KEJRIWAL IRON AND STEEL WORKS, LTD. v. US

Decision Date11 October 1990
Docket NumberCourt No. 89-04-00172.
Citation747 F. Supp. 756
PartiesKEJRIWAL IRON AND STEEL WORKS, LTD., Plaintiff, v. UNITED STATES, Defendant, and Alhambra Foundry Co., et al., Defendants-Intervenors.
CourtU.S. Court of International Trade

Kaplan Russin & Vecchi, Dennis James, Jr. and Kathleen F. Patterson, Washington, D.C., for plaintiff.

Stuart M. Gerson, Asst. Atty. Gen., David M. Cohen, Director, Commercial Litigation Branch, Civ. Div., U.S. Dept. of Justice, Platte B. Moring, III, Office of Chief

Counsel for Import Admin., U.S. Dept. of Commerce, Andrea Fekkes Dynes, Washington, D.C., for defendant.

Collier Shannon & Scott, Paul C. Rosenthal and Carol A. Mitchell, Washington, D.C., for defendants-intervenors.

DiCARLO, Judge:

Defendant-intervenors challenge the amended results of the remand ordered in Kejriwal Iron & Steel Works, Ltd. v. United States, 14 CIT ___, 729 F.Supp. 1365 (1990) (Kejriwal I). In Kejriwal I, the United States Department of Commerce, International Trade Administration was directed to: 1) correct computer input errors, 2) correct its failure to deduct several Indian taxes from the calculation of constructed value, 3) either explain how it arrived at the tonnage figures used to calculate the rebate provided under India's International Price Reimbursement Scheme (IPRS) or recalculate the rebate and explain why its new methodology is in accordance with law and supported by substantial evidence on the record, and 4) correct the double counting of interest expenses in the calculation of foreign market value. Upon review of the amended remand results, the Court finds them to be in accordance with law and supported by substantial evidence.

BACKGROUND

Kejriwal challenged an antidumping order against imports of iron construction castings it manufactured in India.
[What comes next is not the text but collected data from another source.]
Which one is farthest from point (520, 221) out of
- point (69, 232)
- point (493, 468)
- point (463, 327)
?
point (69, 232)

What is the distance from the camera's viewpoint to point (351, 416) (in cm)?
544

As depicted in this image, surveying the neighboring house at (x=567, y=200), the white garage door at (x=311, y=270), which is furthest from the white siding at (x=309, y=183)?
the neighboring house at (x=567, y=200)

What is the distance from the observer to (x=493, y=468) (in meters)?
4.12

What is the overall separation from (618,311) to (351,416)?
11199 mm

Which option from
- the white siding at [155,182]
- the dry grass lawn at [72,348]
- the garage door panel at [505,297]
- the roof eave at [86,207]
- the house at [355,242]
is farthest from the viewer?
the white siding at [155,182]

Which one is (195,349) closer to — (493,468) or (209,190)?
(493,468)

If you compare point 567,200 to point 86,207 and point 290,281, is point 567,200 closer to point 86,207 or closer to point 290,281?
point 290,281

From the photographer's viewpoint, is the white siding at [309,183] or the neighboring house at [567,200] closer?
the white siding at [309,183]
See Certain Iron Construction Castings From India: Amendment to Final Determination of Sales at Less Than Fair Value and Antidumping Duty Order in Accordance With Decision Upon Remand, 54 Fed.Reg. 11,989 (March 23, 1989) (finding a 2.93 percent margin for Kejriwal). Initially, Commerce found Kejriwal had a de minimis margin and excluded it from the antidumping duty order. As a result of the remands ordered in Alhambra Foundry Co. v. United States, 12 CIT ___, 685 F.Supp. 1252 (1988) and Alhambra Foundry Co. v. United States, 12 CIT ___, 701 F.Supp. 221 (1988), Kejriwal was included in the amended antidumping duty order.

DISCUSSION

In the amended remand results, Commerce concluded that Kejriwal has a de minimis margin. Plaintiff has raised no objection to this conclusion. Defendant-intervenors raise several objections to the recalculation of the IPRS rebates. The IPRS is an Indian governmental program to compensate Indian producers for their higher than world-market cost for domestic pig-iron. See Alhambra, 12 CIT at ___, 685 F.Supp. at 1255. No objections have been raised regarding the other issues Commerce was directed to reconsider on remand. Accordingly, those aspects of the remand results are affirmed.
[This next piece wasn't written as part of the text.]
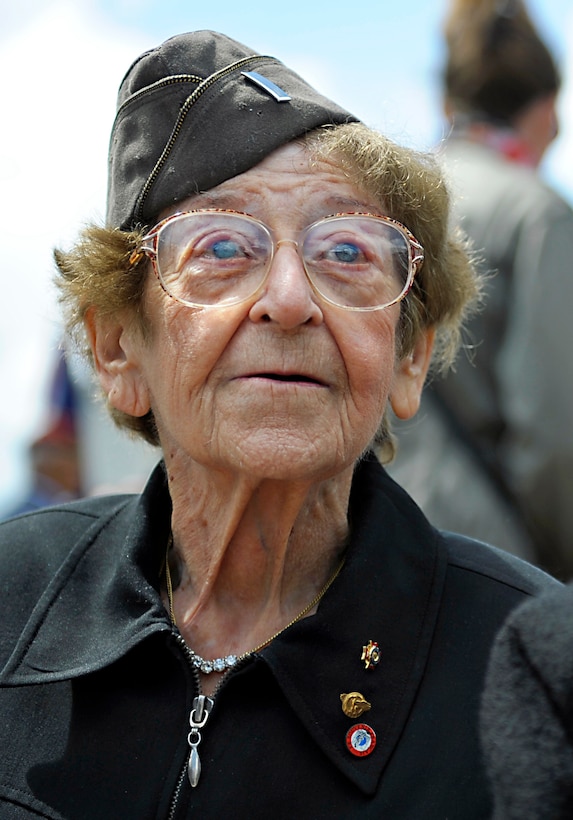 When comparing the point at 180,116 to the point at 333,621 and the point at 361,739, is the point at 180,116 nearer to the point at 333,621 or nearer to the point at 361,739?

In Kejriwal I, plaintiff argued Commerce improperly understated its IPRS payment in its calculation of constructed value, thereby inflating the dumping margin. Kejriwal I, 14 CIT at ___, 729 F.Supp. at 1369. Commerce countered that the adjustment to constructed value for rebates was limited to rebates earned during the period under investigation. Id. Commerce's explanation appeared to create a conflict between the tonnage data it used to calculate IPRS rebates and its tonnage data for total raw materials purchased. It appeared that IPRS rebates were paid for an amount of pig-iron greater than Kejriwal claimed to have purchased. Consequently, the Court ordered Commerce to either explain why its calculation was in accordance with law and supported by substantial evidence or to recalculate the IPRS payments and explain why its new methodology is in accordance with law and supported by substantial evidence. Id. at ___, 729 F.Supp. at 1369-70.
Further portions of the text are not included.